“Of course the play has its limitation, Todd. As, for instance, it couldn’t be used if the ball was very close to either side-line. Wait, though! That’s wrong. It could be pulled off all right pretty close to the right side of the field, couldn’t it? Todd, I’m going to sit up with this thing to-night and figure it out!” He was staring at the diagram again. Then: “Thunder, here’s another bad feature! Look here, Todd. About the time when Tennyson gets set to make that forty or forty-five yard heave he’s going to have in the neighborhood of sixteen men dodging around between him and the receiver. Well, that means that it’s going to be mighty hard for him to sight his man. Of course he can throw the ball to a certain specified spot across the field, trusting Borden or some one to be there— That reminds me.” Mr. Cade added another memorandum to those he had already jotted on the side of the paper he held. “It might be possible to make this a two-man pass. How about Frost? I wonder if we could fix it so as to put him over there with Borden in time to make the catch or to interfere.”
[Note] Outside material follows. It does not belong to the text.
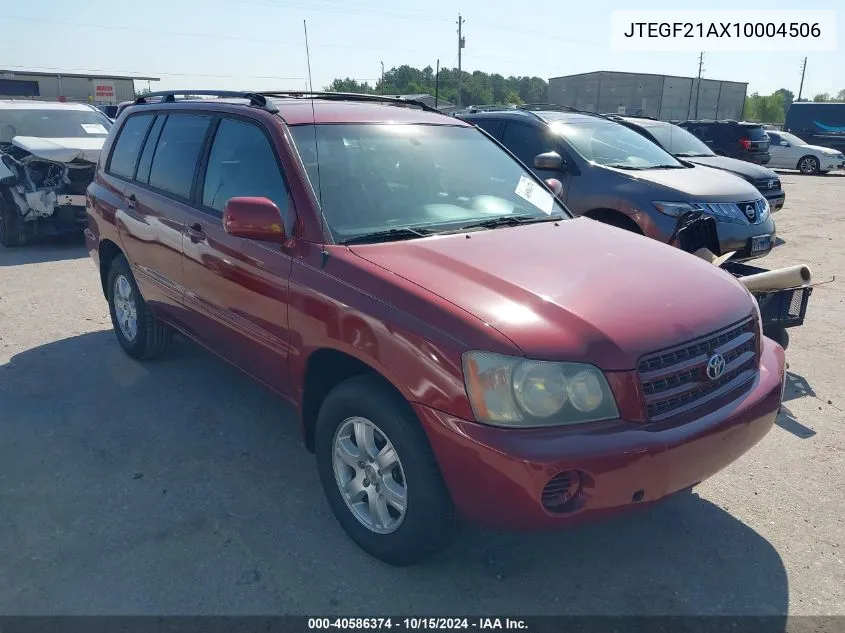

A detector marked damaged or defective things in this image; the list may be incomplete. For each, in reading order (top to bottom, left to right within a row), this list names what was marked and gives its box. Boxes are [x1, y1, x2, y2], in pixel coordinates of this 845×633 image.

Jim studied his plan and looked dubious. “I don’t believe so, sir. Besides, wouldn’t it be sort of a give-away if two fellows went over there? One might look like an accident, but two—”
“I fancy you’re right. Well, we’ll see.” Mr. Cade laid the diagram aside and picked up his pipe. “I wish you’d tell me something, Todd,” he said. “You started out like a comer and I had great hopes of you. You went finely until a week or so ago, two weeks, perhaps; then you laid down on us. What’s the matter?”
“I—I don’t know, Mr. Cade,” answered Jim. “I guess there isn’t anything the matter. I mean I don’t know why I can’t seem to play like I used to.”
“Lost interest?”
Jim hesitated. “N-no, sir, not exactly.”
“That means you have. Why? Feeling all right?”
“Yes, sir, fine.”
“Anything worrying you?”
Jim started to shake his head, but stopped, his eyes falling before the coach’s steady look. For the first time he realized what his trouble was. After a moment he answered: “Maybe, sir, a little.”